• _To do_:
Go to the line holding "A LACQUERED WOOD FIGURE OF AN ATTENDANT" in the data below. Return it and each line after it through the last, exactly, and skip the pictures.

• _Given material_:
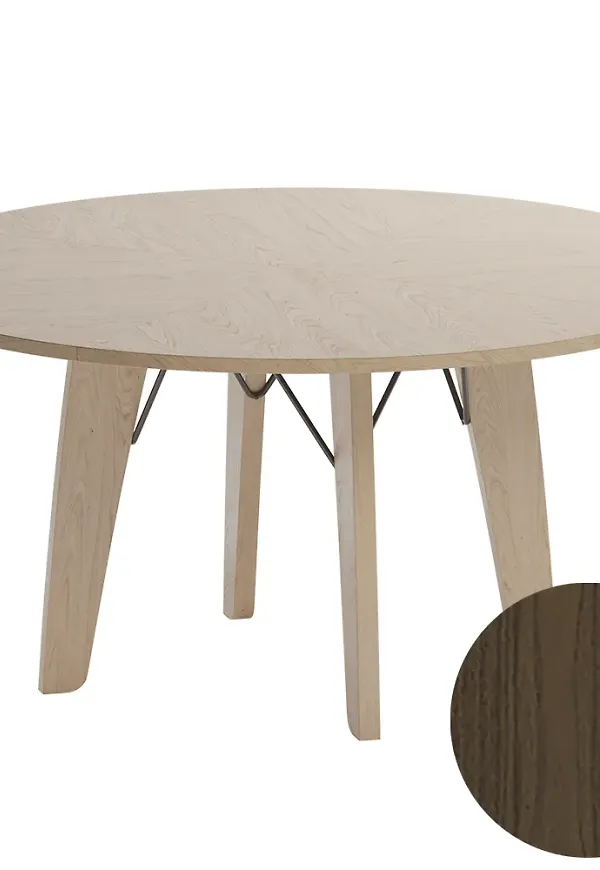 Fantastiskt snygg bord som passar bra vid många olika tillfällen.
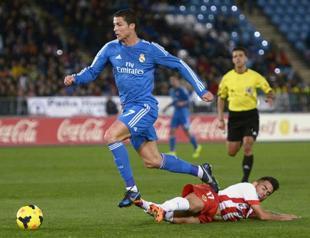 Ronaldo injured as Bale scores in Madrid rout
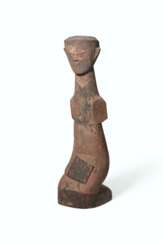 A LACQUERED WOOD FIGURE OF AN ATTENDANT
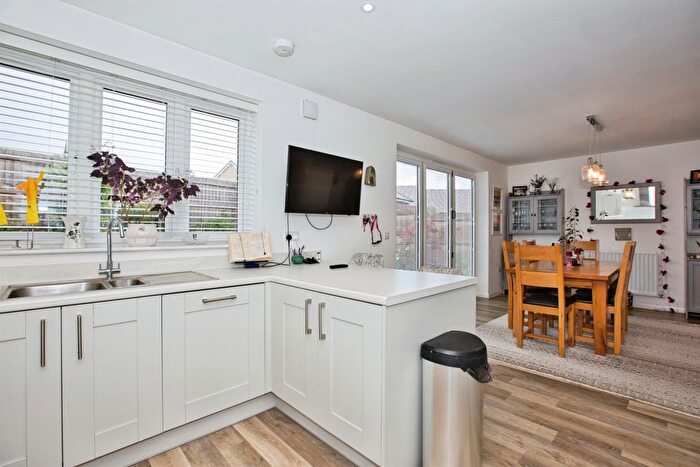 4 Bedroom Detached House For Sale In Vartenham Close, Milborne Port, Sherborne, DT9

• _Finished exercise_:
 A LACQUERED WOOD FIGURE OF AN ATTENDANT
 4 Bedroom Detached House For Sale In Vartenham Close, Milborne Port, Sherborne, DT9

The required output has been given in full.